From January 2016, the Government hopes to fully deregulate higher education fees, as well as decrease base funding for Commonwealth Supported Places by 20%.

AMSA President, James Lawler, stated, “These Higher Education reforms were proposed 12 months ago and, despite being blocked in the Senate since, the Government persists with them.

“Fee deregulation perpetuates inequitable access to medical tertiary education and it will ultimately mean less doctors for rural areas.

“In a deregulated system, medical degrees will leave students with debts of up to $250,000, as opposed to of $60,000.

“High student debt will deter students from pursuing careers in general practice and remote locations, two of the greatest areas of need in the Australian health workforce.

Mr. Lawler said, “The Budget’s focus on rural health is big step in the right direction.”

“It is unfortunate that fee deregulation will undermine any benefits that may come from financial incentives for doctors through the General Practice Rural Incentives Programme or the $20million funding over two years for the Royal Flying Doctors Service.

“Rural health was only able to become a focus in health funding when the co-payment proposal was abandoned – it’s time that the Government did the same with higher education.

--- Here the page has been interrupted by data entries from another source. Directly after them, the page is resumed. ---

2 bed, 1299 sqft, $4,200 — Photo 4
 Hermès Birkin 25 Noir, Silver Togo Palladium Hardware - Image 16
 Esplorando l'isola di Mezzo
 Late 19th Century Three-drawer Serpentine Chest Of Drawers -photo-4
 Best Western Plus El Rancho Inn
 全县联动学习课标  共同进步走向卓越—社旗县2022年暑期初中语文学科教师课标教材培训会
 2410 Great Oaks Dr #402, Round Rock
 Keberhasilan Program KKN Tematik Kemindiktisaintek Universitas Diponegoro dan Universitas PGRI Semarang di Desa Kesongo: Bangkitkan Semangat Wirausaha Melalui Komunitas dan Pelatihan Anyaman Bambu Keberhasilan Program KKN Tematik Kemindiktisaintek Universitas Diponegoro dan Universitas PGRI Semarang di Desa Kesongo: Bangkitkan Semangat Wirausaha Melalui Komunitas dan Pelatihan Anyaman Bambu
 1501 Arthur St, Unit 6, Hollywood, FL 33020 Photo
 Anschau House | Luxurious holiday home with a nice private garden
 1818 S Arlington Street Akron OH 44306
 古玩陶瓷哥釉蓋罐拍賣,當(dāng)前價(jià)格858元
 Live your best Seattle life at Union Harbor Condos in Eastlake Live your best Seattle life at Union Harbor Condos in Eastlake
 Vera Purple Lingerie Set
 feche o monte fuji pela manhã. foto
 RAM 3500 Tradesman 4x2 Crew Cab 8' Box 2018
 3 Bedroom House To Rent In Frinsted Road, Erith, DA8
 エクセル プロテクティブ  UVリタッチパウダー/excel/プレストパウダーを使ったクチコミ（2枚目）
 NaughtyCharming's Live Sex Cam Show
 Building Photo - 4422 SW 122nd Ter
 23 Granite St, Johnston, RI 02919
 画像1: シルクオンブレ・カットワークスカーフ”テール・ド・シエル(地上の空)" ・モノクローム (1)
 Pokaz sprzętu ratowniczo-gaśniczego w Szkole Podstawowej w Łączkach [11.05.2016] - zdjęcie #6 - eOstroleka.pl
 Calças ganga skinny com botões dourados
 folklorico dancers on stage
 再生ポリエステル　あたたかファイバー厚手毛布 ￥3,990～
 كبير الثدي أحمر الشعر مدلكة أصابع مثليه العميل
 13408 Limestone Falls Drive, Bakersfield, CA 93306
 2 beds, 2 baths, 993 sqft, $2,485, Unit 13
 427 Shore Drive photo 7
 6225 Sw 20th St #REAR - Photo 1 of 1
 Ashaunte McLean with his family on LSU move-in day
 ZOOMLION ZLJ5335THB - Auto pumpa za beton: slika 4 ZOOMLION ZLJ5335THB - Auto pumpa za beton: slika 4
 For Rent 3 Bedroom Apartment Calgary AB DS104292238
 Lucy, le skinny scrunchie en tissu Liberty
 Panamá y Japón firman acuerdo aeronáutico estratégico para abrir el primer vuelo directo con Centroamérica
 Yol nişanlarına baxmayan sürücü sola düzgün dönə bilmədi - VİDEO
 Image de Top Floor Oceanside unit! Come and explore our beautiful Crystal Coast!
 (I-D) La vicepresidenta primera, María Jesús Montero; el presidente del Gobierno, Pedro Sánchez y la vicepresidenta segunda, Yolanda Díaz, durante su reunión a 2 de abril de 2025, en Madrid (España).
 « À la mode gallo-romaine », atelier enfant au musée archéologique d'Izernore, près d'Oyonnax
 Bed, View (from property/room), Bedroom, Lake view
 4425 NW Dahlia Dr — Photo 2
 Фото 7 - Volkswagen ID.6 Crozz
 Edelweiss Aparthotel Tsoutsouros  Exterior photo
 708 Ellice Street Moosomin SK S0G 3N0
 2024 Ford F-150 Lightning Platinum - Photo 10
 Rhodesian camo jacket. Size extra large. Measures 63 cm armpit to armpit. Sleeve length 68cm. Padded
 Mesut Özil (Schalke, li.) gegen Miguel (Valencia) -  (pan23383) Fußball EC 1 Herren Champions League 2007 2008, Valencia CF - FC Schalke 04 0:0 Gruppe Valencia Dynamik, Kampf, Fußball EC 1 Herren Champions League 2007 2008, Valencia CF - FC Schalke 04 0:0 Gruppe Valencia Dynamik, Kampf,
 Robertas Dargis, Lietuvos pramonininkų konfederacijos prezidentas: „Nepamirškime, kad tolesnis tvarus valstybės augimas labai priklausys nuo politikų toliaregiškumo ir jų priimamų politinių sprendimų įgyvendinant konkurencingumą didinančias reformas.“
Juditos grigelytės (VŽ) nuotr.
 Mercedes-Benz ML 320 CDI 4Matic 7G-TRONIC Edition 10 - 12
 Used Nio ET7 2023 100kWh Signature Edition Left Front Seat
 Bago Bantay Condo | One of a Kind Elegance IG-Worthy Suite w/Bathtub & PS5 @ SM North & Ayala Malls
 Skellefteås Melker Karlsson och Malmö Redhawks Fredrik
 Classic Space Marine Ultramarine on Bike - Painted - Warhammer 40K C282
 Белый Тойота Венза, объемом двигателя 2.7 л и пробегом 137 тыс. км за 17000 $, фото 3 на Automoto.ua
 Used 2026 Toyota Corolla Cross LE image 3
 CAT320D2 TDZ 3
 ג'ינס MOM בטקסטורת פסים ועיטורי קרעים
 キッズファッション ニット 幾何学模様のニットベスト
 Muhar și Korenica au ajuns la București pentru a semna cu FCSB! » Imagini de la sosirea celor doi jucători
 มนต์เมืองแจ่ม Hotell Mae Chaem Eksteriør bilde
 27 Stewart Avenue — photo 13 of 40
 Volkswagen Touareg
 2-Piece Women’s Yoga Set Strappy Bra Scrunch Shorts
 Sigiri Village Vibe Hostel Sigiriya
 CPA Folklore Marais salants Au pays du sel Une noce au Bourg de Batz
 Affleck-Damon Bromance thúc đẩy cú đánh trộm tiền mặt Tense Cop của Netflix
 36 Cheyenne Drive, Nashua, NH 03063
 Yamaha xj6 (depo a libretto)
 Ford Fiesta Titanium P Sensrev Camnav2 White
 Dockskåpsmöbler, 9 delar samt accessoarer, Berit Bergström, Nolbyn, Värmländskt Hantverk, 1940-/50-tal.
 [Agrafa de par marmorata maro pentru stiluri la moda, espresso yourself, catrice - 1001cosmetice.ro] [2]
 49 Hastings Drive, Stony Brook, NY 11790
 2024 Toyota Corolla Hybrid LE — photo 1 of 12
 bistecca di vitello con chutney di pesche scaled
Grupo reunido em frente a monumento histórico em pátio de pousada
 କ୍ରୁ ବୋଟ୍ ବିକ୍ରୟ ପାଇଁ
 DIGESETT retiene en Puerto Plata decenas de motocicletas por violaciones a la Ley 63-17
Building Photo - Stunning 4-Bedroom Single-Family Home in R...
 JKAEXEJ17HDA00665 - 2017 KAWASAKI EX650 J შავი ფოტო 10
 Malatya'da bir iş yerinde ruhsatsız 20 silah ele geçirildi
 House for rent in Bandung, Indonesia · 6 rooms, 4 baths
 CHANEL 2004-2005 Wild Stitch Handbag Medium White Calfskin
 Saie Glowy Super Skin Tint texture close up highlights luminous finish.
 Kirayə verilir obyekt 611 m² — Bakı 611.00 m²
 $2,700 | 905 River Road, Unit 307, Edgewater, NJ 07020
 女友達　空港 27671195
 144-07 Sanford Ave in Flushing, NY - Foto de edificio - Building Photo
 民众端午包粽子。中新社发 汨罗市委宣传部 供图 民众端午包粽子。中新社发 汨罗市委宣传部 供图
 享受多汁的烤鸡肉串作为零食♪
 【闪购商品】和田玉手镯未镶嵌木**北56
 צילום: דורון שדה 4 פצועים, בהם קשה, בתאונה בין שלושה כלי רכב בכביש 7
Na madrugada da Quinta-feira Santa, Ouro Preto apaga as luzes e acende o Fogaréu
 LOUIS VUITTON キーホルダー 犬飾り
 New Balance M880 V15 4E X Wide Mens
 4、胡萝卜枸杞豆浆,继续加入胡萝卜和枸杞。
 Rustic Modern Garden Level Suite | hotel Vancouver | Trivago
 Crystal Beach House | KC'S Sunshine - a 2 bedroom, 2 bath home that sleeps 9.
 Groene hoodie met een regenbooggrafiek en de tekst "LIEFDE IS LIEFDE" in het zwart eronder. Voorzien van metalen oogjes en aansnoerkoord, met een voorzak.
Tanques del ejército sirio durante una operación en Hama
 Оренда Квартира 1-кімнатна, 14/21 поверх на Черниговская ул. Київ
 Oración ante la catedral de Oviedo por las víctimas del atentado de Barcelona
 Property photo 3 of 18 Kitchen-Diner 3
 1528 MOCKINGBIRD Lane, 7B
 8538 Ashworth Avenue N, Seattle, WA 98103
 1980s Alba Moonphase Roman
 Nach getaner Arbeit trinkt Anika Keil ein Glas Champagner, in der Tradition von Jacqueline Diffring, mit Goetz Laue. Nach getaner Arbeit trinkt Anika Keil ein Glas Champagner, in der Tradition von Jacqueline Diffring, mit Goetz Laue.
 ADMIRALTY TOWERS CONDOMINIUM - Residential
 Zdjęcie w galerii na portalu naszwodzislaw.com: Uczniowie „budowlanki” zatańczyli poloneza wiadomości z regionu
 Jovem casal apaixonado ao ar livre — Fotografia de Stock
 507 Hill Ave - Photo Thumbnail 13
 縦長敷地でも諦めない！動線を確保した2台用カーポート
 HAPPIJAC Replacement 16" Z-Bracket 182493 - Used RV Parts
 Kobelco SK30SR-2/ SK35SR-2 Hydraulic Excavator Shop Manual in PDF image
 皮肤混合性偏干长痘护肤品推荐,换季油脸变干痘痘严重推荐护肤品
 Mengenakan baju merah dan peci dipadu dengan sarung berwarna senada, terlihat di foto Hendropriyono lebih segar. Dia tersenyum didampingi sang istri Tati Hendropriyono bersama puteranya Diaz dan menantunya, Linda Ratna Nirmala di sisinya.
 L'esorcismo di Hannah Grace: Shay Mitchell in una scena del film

“AMSA reiterates calls for the Federal Government to scrap fee deregulation, or significantly modify it to mandate a cap on student contribution to medical education. “

 

Media Contact:

Maria Bilal

0416668091

publicrelations@amsa.org.au

2015 Federal Budget – What you need to know

Higher Education

Deregulation – The Government is still planning to deregulate University fees by 1 January 2016. This is despite the fact that the relevant legislation has failed twice in the Senate over the past 12 months.

 

Commonwealth Supported Places contribution cut – Likewise, the Government is still planning to cut the Federal contribution to CSP places by 20%.

 

People with HELP debts working overseas – The government will be looking to recover money from people with HELP debts who are working overseas, who previously have not been required to repay HELP debts. Like all other Australians compulsory repayments will only occur when their income rises above $53,000,.

 

Health

Medicare Review – the Government will spend $34 million on a clinician led review of Medicare items. It is expecting to save $145 million on this review over the next four years.

 

Rural Scholarships for Medical Students – As per the Mason Review, the government will cease the Medical Rural Bonded Scholarship Program, and convert those places in future years to Bonded Medical Places.

 

General Practice Rural Incentives Program – New incentives for General Practitioners working in rural areas.

 

Immunizations – The “no jab, no pay” policy will ensure that those who refuse vaccinations do not receive welfare payments from government. This is expected to save $508 million over the next 4 years. The government will be re-investing $26 million into incentives for GPs to vaccinate children who are “late”, amongst other schemes to increase vaccination rates.

 

Medical Research Future Fund – This proposal entails a $20 billion fund which will provide dividends for medical research. This was originally funded by the co-payment proposal from last year’s budget (the latter has now been scrapped). The Government is still budgeting to contribute the same amount to this fund, although where this money will come from remains unclear. The fund will pay a dividend of $10 million in the next financial year.

 

Commonwealth Medical Internships – The Government is continuing their commitment to federal funding for internships for graduating medical students, with a particular focus on private hospitals and rural and regional settings. This funding only exists until 2016 for internships in 2017, however AMSA expects that the program will be reviewed before further investments can be made in this area.

 

Organ and Tissue Donation – There will be $10.2 million over the next two years for organ and tissue donation, with a focus on clinical education to hospitals, a new organ matching system and allowing the online registration of legal consent.

 

National Drug Campaign – The previously announced revival of the National Drug Campaign, with a particular focus on “ice”, has been funded – $20 million over the next two years.

 

E-health – The Government is reforming the current e-health system, and will focus on an “opt-out” system. This is going to cost $485 million.

 

National Aboriginal Community Controlled Health Organisations – This has been a long term project of the Australian Government to develop culturally appropriate and relevant health care services to Aboriginal and Torres Strait Islander populations. 1.4 billion dollars of funding have been provided fro the 2014/2015 budget year.

 

Other

Salary Packaging cap – Some salaried professionals from the public and not-for-profit sectors were previously able to sacrifice some of the salary pre-tax for ‘meal entertainment’ benefits, including holidays, cruises, weddings and meals and alcohol in restaurants. This includes junior doctors. These benefits will now be capped at $5,000 per year.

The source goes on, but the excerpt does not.